The students who received the recognition during the board meeting had proven to both the state and their teachers at school that they had met the state’s proficient level of achievement on California assessments, showed an ability to successfully achieve in classrooms where the language of instruction is English and can participate fully in society.
“I won this award for finally being able to talk and listen a little bit more fluently than I did at the beginning of the year,” said Brandon Aros, a 6th grader at Rio Vista Elementary School. “I didn’t really speak English very well until I learned from English Language Development (ELD) classes and continued to progress more and more.”
“I’d like to congratulate the students for their reclassifications, but more importantly, all the teachers who worked with them,” said SUSD Superintendent Colleen Hawkins. “Not just the sixth grade teachers, but all the teachers who worked with them, helped them, move past that.”

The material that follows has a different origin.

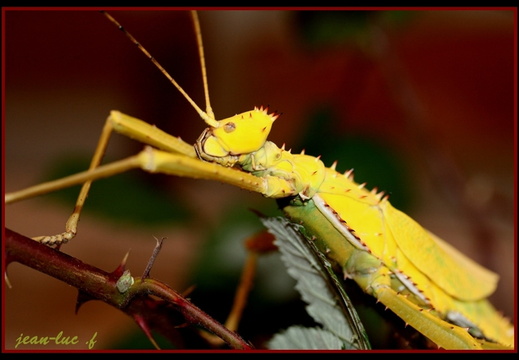 Femelle adulte jaune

Hawkins said it was probably the “No. 1 best thing” the teachers could give the kids as they move on to higher education.
“The access they will have in secondary school to other coursework and other pathways that still being an English-learner would limit them from,” Hawkins said.

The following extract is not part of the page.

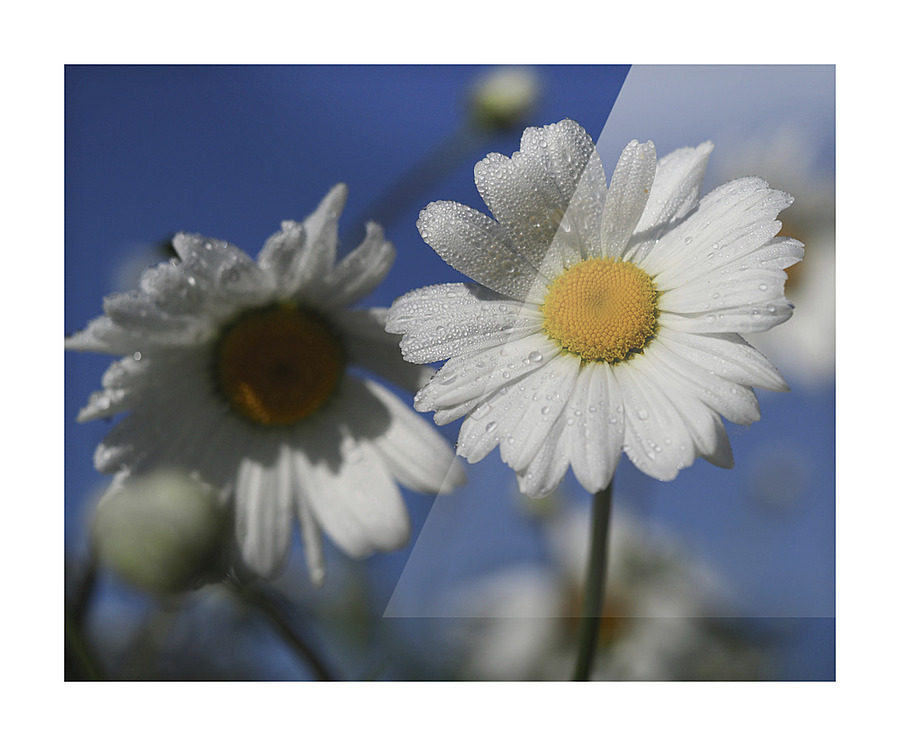Early Morning Daisies Picture Frame print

During the board meeting students were given certificates from the board, medals indicating their achievement and a recognition from State Sen. Scott Wilk’s office.
“Kids are really important for the future, and whenever the senator has a chance to recognize someone for whatever, whether it be because they’re proficient in English, or good behavior or academics, that’s a great win for us and the community,” said Kris Hough, WIlk’s district representative, who distributed the certifications signed by Wilk. “And if (these students are) going to stay in the United States and they’re going to study, they’re going to need to know English to go to college and to high school.”
“I was watching one of the parents who was sitting up here as his son received the award, and he had tears that his son had been reclassified as an English proficient student,” said Assistant Superintendent Isa De Armas. “It’s another reminder how important our classes are for English learners.”